# Arrow wrap tape



## onyx48166 (Feb 9, 2011)

Is there any reason why I couldn't use vinyl electrical tape as an arrow wrap?


----------



## Simpleiowaguy (Jan 10, 2011)

I have heard of guys using shrink tubing


----------



## fishinbuff (Sep 8, 2010)

Think electrical tape is a little thick compared to regular wraps, but there is vinyl tape that is thinner that can be bought in rolls that would work.


----------



## KBacon (Nov 13, 2003)

or just go to your local sign shop & get some scrap vinyl & cut your own from that... approx 1" x 5" (or to your liking)... or have them cut them for you on the plotter.

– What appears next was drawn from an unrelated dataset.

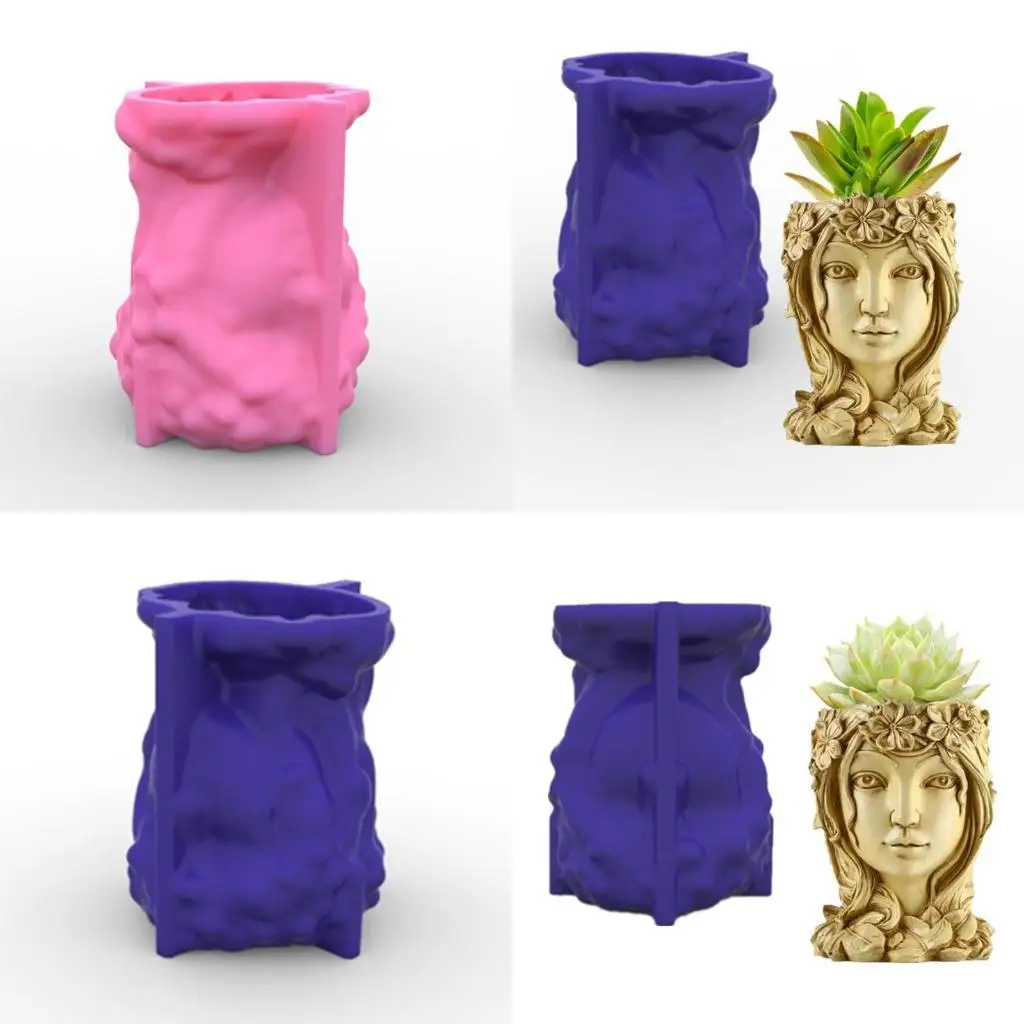 

J78F Геометрическая богиня гипсовые силиконовые формы для изготовления цветочного горшка с суккулентами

Cost is very little to free...


----------



## bengalbrother (Dec 17, 2007)

nope guys, go to your neighborhood friendly Fleet service and get strips of their "sticker Stock"


----------



## Robert43 (Aug 2, 2004)

Basicall thats what Bullseye sells is electrical tape. Like other have said I use sign writing material


----------



## SlimTastic (Sep 10, 2009)

I put some reflective tape on my FOBed arrows for a wrap. Cheap and worked well...I did it to aid in finding lost arrows after dark.

http://www.google.com/products/cata...=X&ei=ifbHTeHwJYeztwePhJWfBA&ved=0CGkQ8wIwAg#


----------



## kc hay seed (Jul 12, 2007)

i use the scotch brand 1.5 decorate and repair tape a lot just dont fletch on the seam.works great


----------



## Dilligaf (Dec 25, 2005)

I've used electrical tape works fine if your using thin arrows, I've also used duct tape is there anything duct tape can't be used for.

I am currently using tape from my Brother label maker.


----------



## Ringleader (Jul 19, 2008)

Check out http://www.identi-tape.com They have every conceivable type of tape. The one I use is http://www.identi-tape.com/eng It comes in seven different colors. The cheapest way is to buy the $38.00 roll and your per ft. price goes way down


----------